Tout homme qui se trouve mis en présence de la divinité, d'une manière ou d'une autre, éprouve le besoin et le désir profond de répondre à l'invitation qui lui est faite de la servir et de lui rendre l'hommage qui lui revient légitimement. La dévotion qu'il manifeste ainsi provient de sa volonté de remplir fidèlement ses devoirs envers son Dieu de la même manière qu'il rend également ses devoirs envers ses parents ou envers les autres hommes qui composent la société dans laquelle il mène son existence terrestre. Cette dévotion qui s'exprime différemment selon les cultures ou selon les religions reste toujours une inclination personnelle à suivre docilement tout ce qui pourrait être regardé comme venant de l'inspiration divine. Elle se traduit le plus souvent par un courant d'amour venant de l'homme et remontant jusqu'à la divinité, qui elle-même s'était faite proche de tel ou tel homme, en telle ou telle circonstance.

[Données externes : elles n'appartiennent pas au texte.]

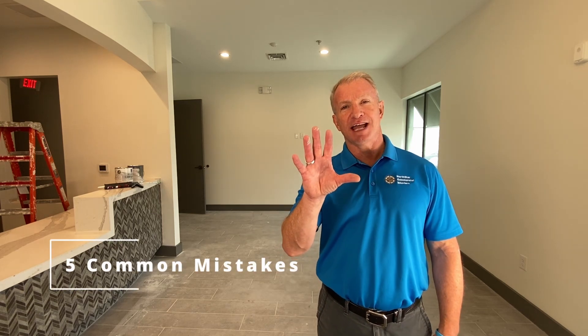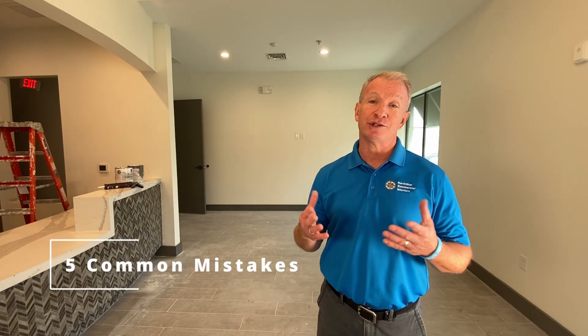Did you know that there are five common mistakes that small business owners make when trying to buy or lease a new property? My name is Jeff Hurst, owner of Northstar Commercial Interiors, and this is the first in a five-part series to help small business owners avoid these five common mistakes.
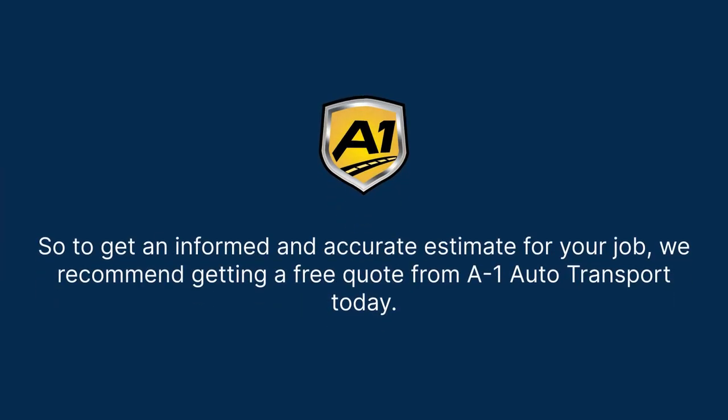To get an informed and accurate estimate for your job, we recommend getting a free quote from AO1 Auto Transport today.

L'exemple le plus classique de dévotion est la bhakti qui relie intimement le fidèle hindou à son dieu d'élection : le dévot offre à son dieu tout ce qu'il lui est possible de sacrifier, sans rompre les commandements et les impératifs qui sont imposés par ce dieu, en réponse à toutes les bénédictions dont son dieu l'a comblé, ou pour implorer ce dernier de répandre sur lui toutes ses bénédictions. Mais il est assez fréquent de voir critiquer cette forme de dévotion en raison du caractère profondément mercantile qu'elle peut entraîner. La grande dévotion, la vraie forme de piété est beaucoup plus ardente, aussi bien dans l'hindouisme moderne que dans les autres formes de religion : le fidèle se refuse à demander quoi que ce soit à son dieu, invoquant le très noble motif que son dieu sait beaucoup mieux que lui-même tout ce dont il peut avoir besoin. Et pour plaire totalement à celui qu'il veut servir, l'homme renonce parfois à tout ce qui peut faire le plaisir de l'existence terrestre, en consacrant tout le reste de son existence au service gratuit de la divinité. Dans l'hindouisme, les renonçants, les saddhu, ont accompli jusqu'à la perfection leur état de vie, en se livrant à des pratiques qui peuvent étonner les esprits occidentaux : macérations corporelles, automutilations, accomplissement de voeux spectaculaires... Mais, dans le monothéisme, on rencontre aussi cette forme d'existence entièrement faite de renoncement, notamment dans le cas du monachisme, état de vie dans lequel certains hommes ou certaines femmes peuvent trouver le plein accomplissement de leur être en se plaçant entièrement sous la dépendance de Dieu, par un libre exercice de leur propre liberté : le service même de Dieu est placé au plus haut de toutes les valeurs éthiques, le renoncement aux facilités les plus courantes n'est pas purement négatif, il est, au contraire, très positif, puisqu'il place au plus haut sommet l'amour que l'homme doit à Dieu, qui est source de toute existence, parce qu'il se manifeste uniquement sous les traits de l'Amour dans toute sa perfection.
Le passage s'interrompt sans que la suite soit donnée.